The five-year credit facility for $2.0 billion and the 364-day credit facility for $2.0 billion, maturing August 2026 and June 2024, respectively, are maintained primarily to provide backup liquidity for our commercial
paper borrowings and general corporate purposes. At December 31, 2023, we had $1.496 billion of commercial paper outstanding, which effectively reduced our available capacity under our revolving credit facilities
to $2.504 billion.
(3)
In February 2023, Atmus entered into a $400 million revolving credit facility, and at December 31, 2023, they had no outstanding borrowings under this facility.

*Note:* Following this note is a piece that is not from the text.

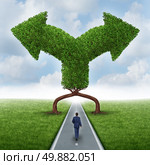 Growth direction choice business concept as a businessman walking on a road with two trees shaped as arrows pointing in different directions as a metaphor for a crossroad dilemma for a growing career or investment. Стоковое фото, агентство Ingram Publishing / Фотобанк Лори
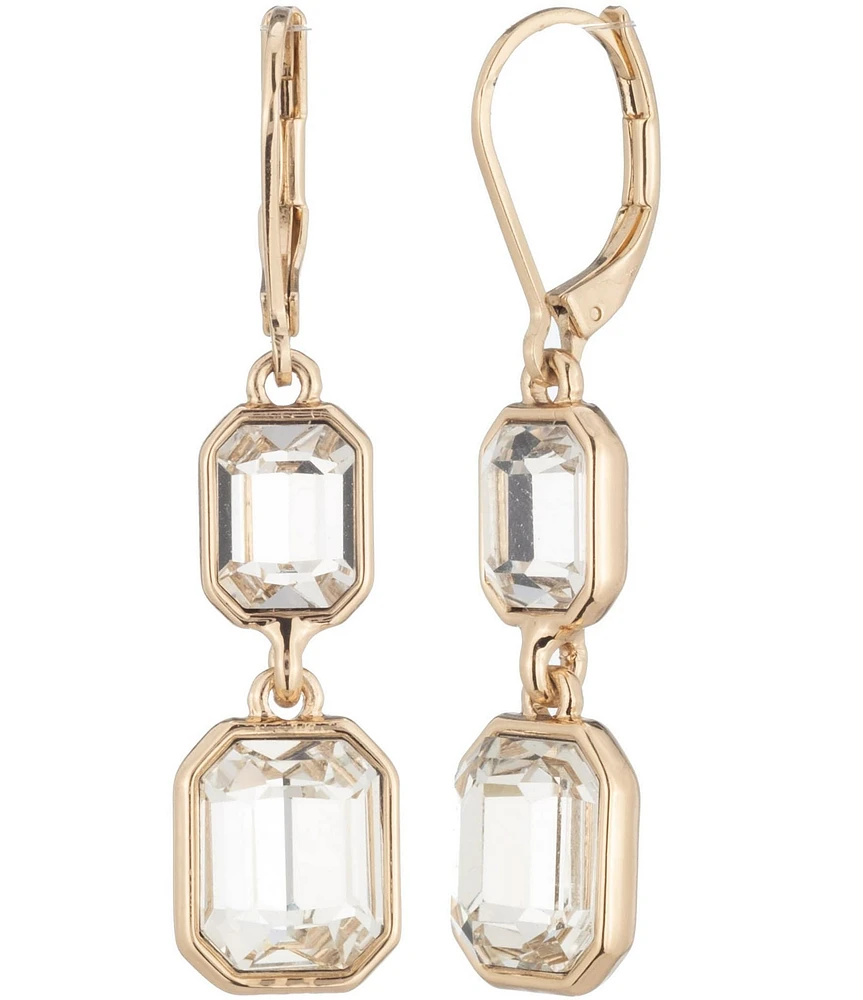 Lauren Ralph Lauren Gold Tone Crystal Stone Double Linear Earrings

Cash, Cash Equivalents and Marketable Securities
A significant portion of our cash flows are generated outside the U.S. We manage our worldwide cash requirements considering available funds among the many subsidiaries
through which we conduct our business and the cost effectiveness with which those funds can be accessed. As a result, we do not anticipate any local liquidity restrictions to
preclude us from funding our operating needs with local resources.
If we distribute our foreign cash balances to the U.S. or to other foreign subsidiaries, we could be required to accrue and pay withholding taxes, for example, if we repatriated
cash from certain foreign subsidiaries whose earnings we asserted are completely or partially permanently reinvested. Foreign earnings for which we assert permanent
reinvestment outside the U.S. consist primarily of earnings of our China, India, Canada (including underlying subsidiaries) and Netherlands domiciled subsidiaries. At present,
we do not foresee a need to repatriate any earnings for which we assert permanent reinvestment. However, to help fund cash needs of the U.S. or other international subsidiaries
as they arise, we repatriate available cash from certain foreign subsidiaries whose earnings are not permanently reinvested when it is cost effective to do so.
IPO of Atmus
On May 23, 2023, in connection with the Atmus IPO, Cummins issued approximately $350 million of commercial paper with certain lenders. On May 26, 2023, Atmus shares
began trading on the New York Stock Exchange under the symbol "ATMU." The IPO was completed on May 30, 2023, whereby Cummins exchanged 19.5 percent
(approximately 16 million shares) of its ownership in Atmus, at $19.50 per share, to retire $299 million of the commercial paper as proceeds from the offering through a non-
cash transaction. In exchange for the filtration business, Atmus also transferred to Cummins consideration of approximately $650 million. The commercial paper issued and
retired through the IPO proceeds, coupled with the $650 million received, was used for the retirement of our historical debt and payment of dividends. See NOTE 23,
"FORMATION OF ATMUS AND IPO," to the Consolidated Financial Statements for additional information.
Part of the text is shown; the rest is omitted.